Task details
Repeat all the data exactly, and where a record holds a picture, leave that picture out.

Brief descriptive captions
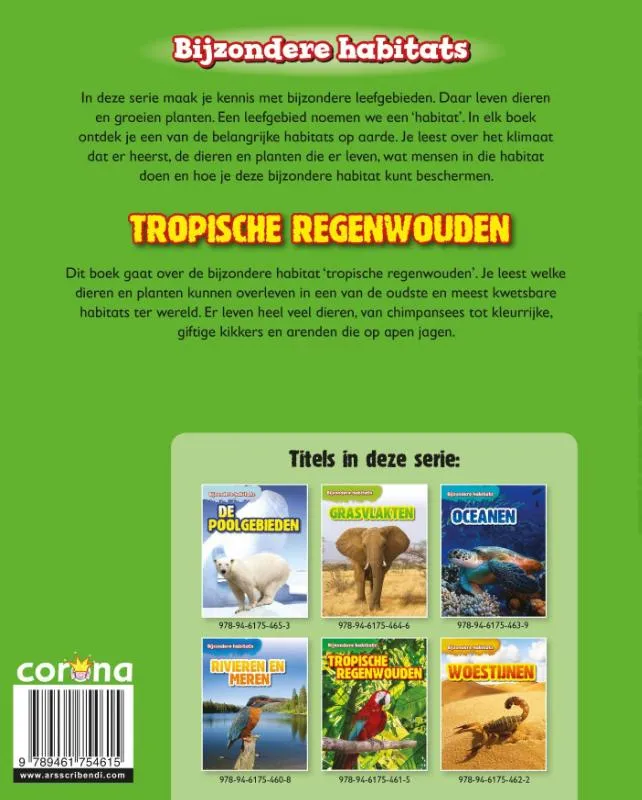 Tropische regenwouden | 9789461754615 Tropische regenwouden - Afbeelding 2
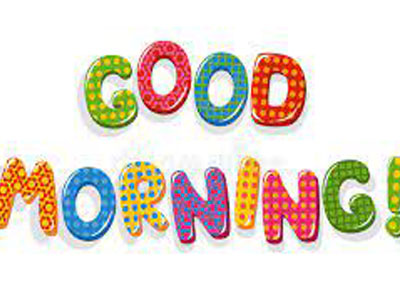 Awesone Good Morning Clipart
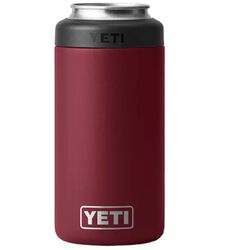 YETI 16 oz Rambler Colster Tall Can Insulator - Harvest Red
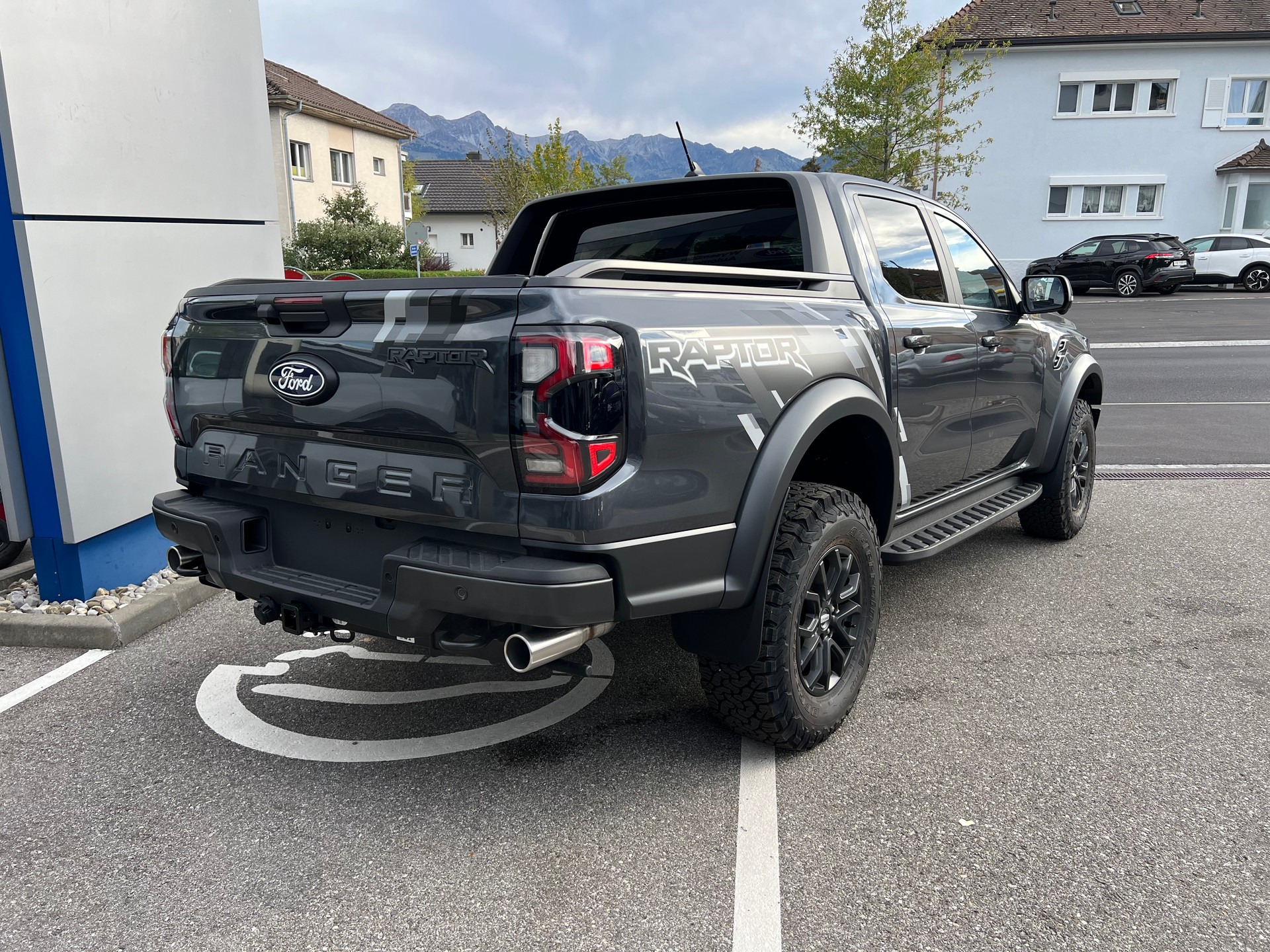 FORD Ranger Raptor 3.0 Eco Boost 4x4 A-image-1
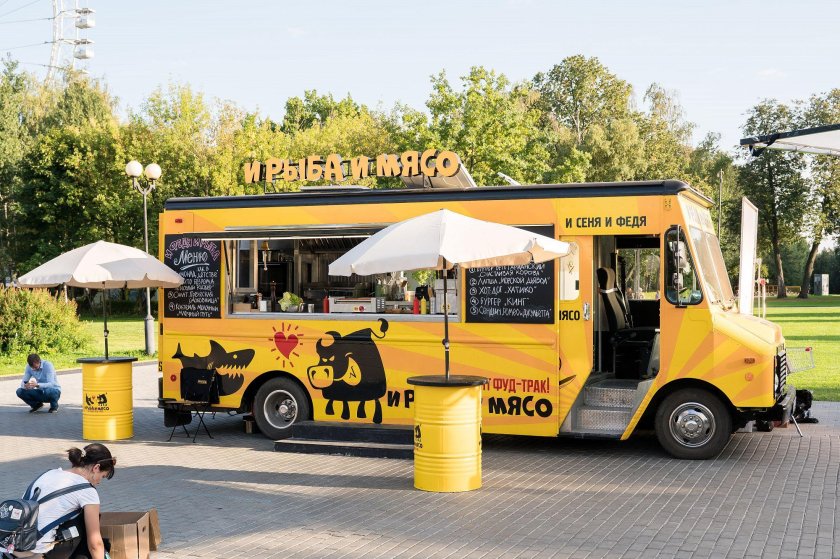 Сеня Федя фудтрак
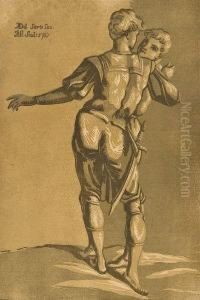 A Group Of Chiaroscuro Prints by John Skippe
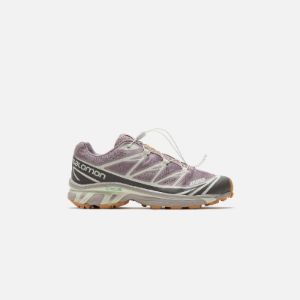 Salomon XT-6 - Quail / Plum Kitten / Vanilla Ice sold by Kith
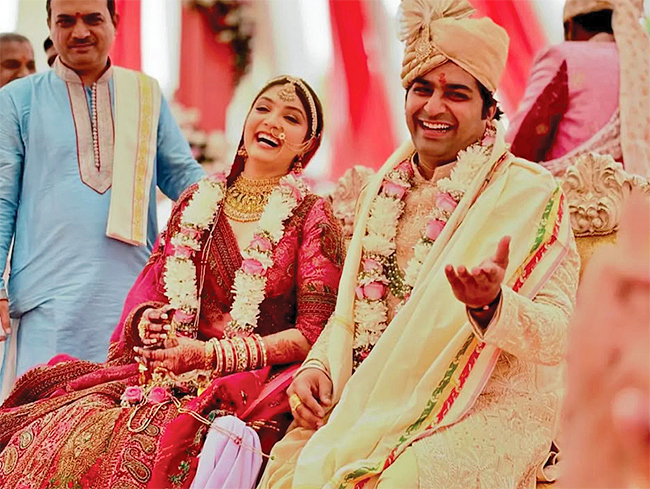 Puja Joshi and Malhar Thakar gets married: Photos7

Completed task
 Tropische regenwouden | 9789461754615 Tropische regenwouden - Afbeelding 2
 Awesone Good Morning Clipart
 YETI 16 oz Rambler Colster Tall Can Insulator - Harvest Red
 FORD Ranger Raptor 3.0 Eco Boost 4x4 A-image-1
 Сеня Федя фудтрак
 A Group Of Chiaroscuro Prints by John Skippe
 Salomon XT-6 - Quail / Plum Kitten / Vanilla Ice sold by Kith
 Puja Joshi and Malhar Thakar gets married: Photos7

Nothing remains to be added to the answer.